Global tech stocks lose $830 billion amid AI disruption fears
A relentless sell-off in technology stocks showed no signs of easing Wednesday as investors dumped software company shares over growing concerns that artificial intelligence will upend their business models. Sparked by Anthropic's launch of Claude Cowork AI plugins on January 30, the rout has now wiped about $830 billion in market capitalization from global software and tech services firms since late January.
The Nasdaq Composite fell 1.5 percent Wednesday to close at 22,904.58, marking its worst two-day performance since October 2025 with a nearly 3 percent drop over the sessions. The iShares Expanded Tech-Software Sector ETF entered bear market territory, down more than 20 percent from its recent peak.
Cowork plugins enable AI agents to automate tasks like legal document review, sales prospecting, financial analysis, and other corporate functions capabilities that rattled investors questioning the viability of traditional software-as-a-service models. Anthropic released 11 open-source plugins covering productivity, marketing, customer support, and data analysis at launch.

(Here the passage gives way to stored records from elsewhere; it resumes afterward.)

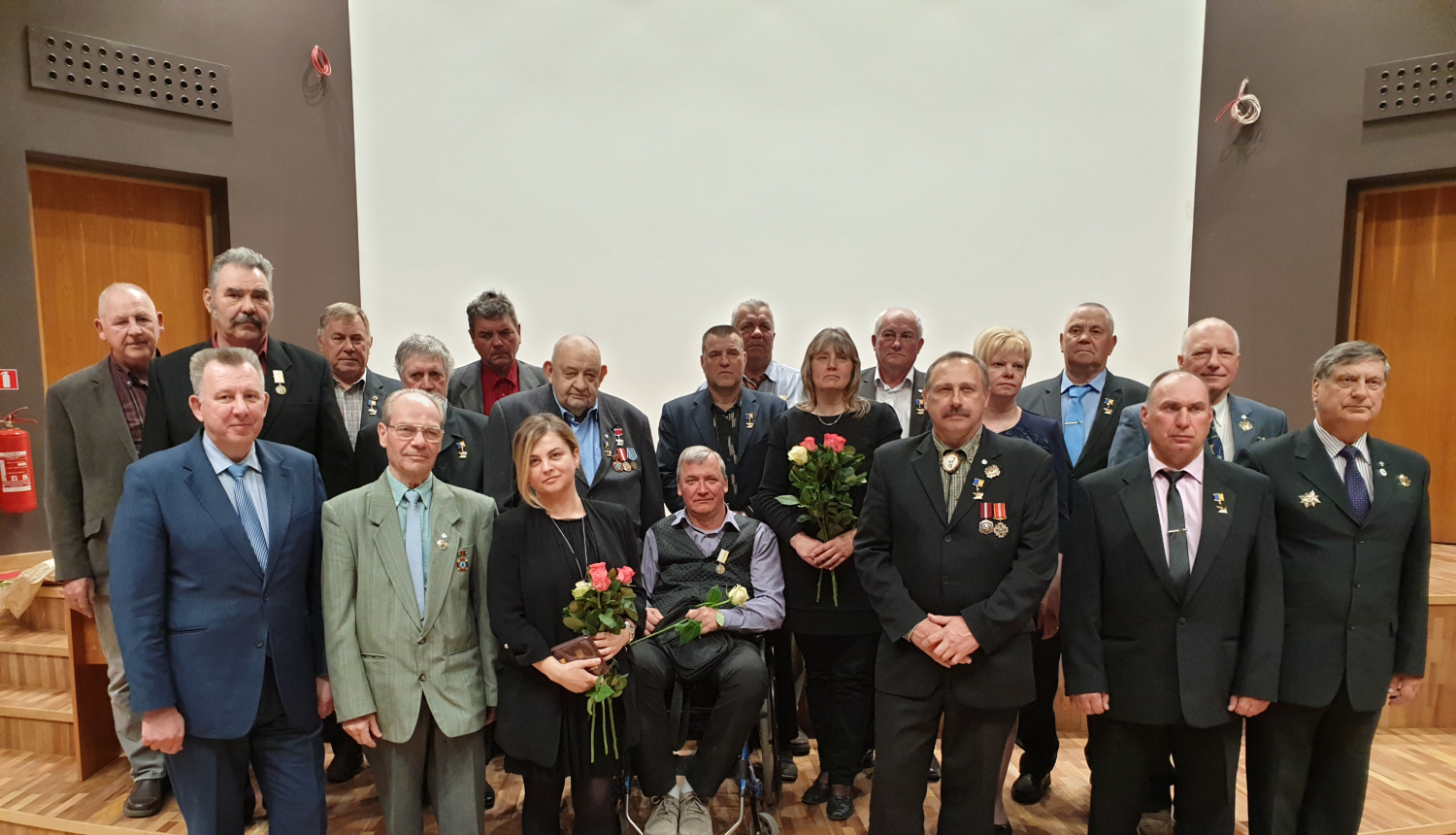 Pateicamies Černobiļas AES avārijas seku likvidatoriem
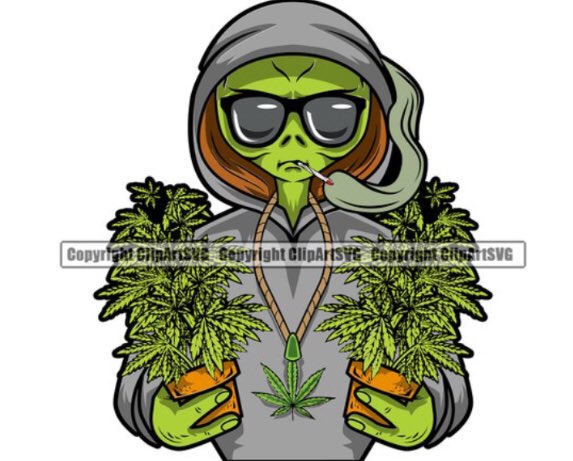 themoistbuddha's tweet photo. weed alien cinematic universe #weed #alien #wacu https://t.co/ljaXjPtJQW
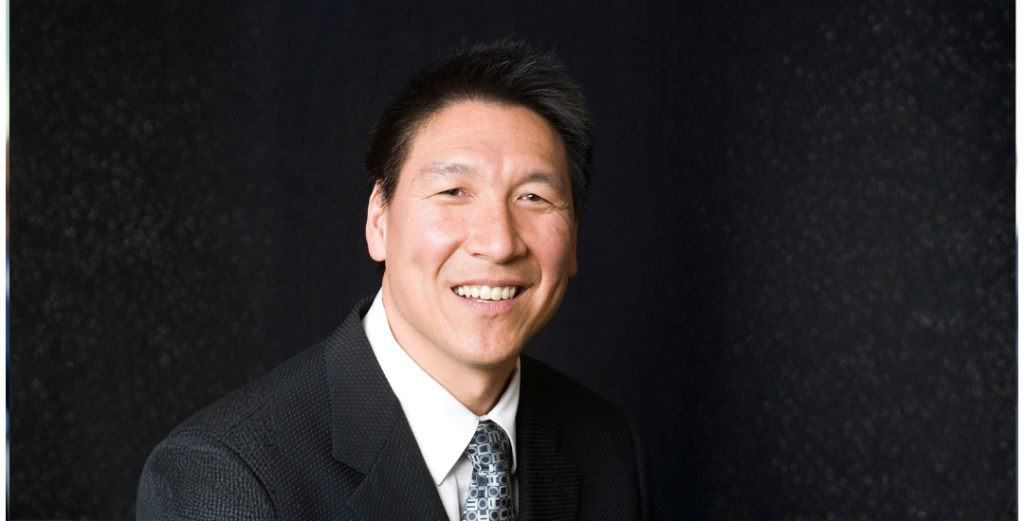 Dr. Stephen Chu smiles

Major software firms posted steep declines this week. ServiceNow dropped 7.1 percent Tuesday, with year-to-date losses at 26 percent. Intuit, TurboTax's parent, shed nearly 11 percent, pushing 2026 losses over 34 percent. Salesforce fell about 7 percent, while Adobe, Microsoft, and Oracle also declined. Palantir plunged 9 percent Wednesday amid a broader tech rotation.
JPMorgan analyst Toby Ogg captured the gloomy mood: "We're now in an environment where the sector isn't just guilty until proven innocent it's condemned before trial."
The sell-off spread to Asia and Europe Thursday. South Korea's Kospi tumbled nearly 4 percent, Taiwan lost 1.1 percent, and Japan's Nikkei 225 dipped 0.7 percent. India's Nifty IT index plunged almost 6 percent, dragging down IT services giants Tata Consultancy Services and Infosys. Advanced Micro Devices shares cratered 17 percent after disappointing quarterly results, compounding sector woes.
Not all observers see the panic as warranted. Bank of America analysts called the market reaction "internally inconsistent," noting investors seem to expect both reduced AI investment returns and such widespread AI adoption that it obsoletes software. "These two scenarios can't happen simultaneously," they wrote. William Blair analysts dubbed Cowork the latest "software sector boogeyman," likening the drop to the unfounded January 2025 plunge triggered by DeepSeek.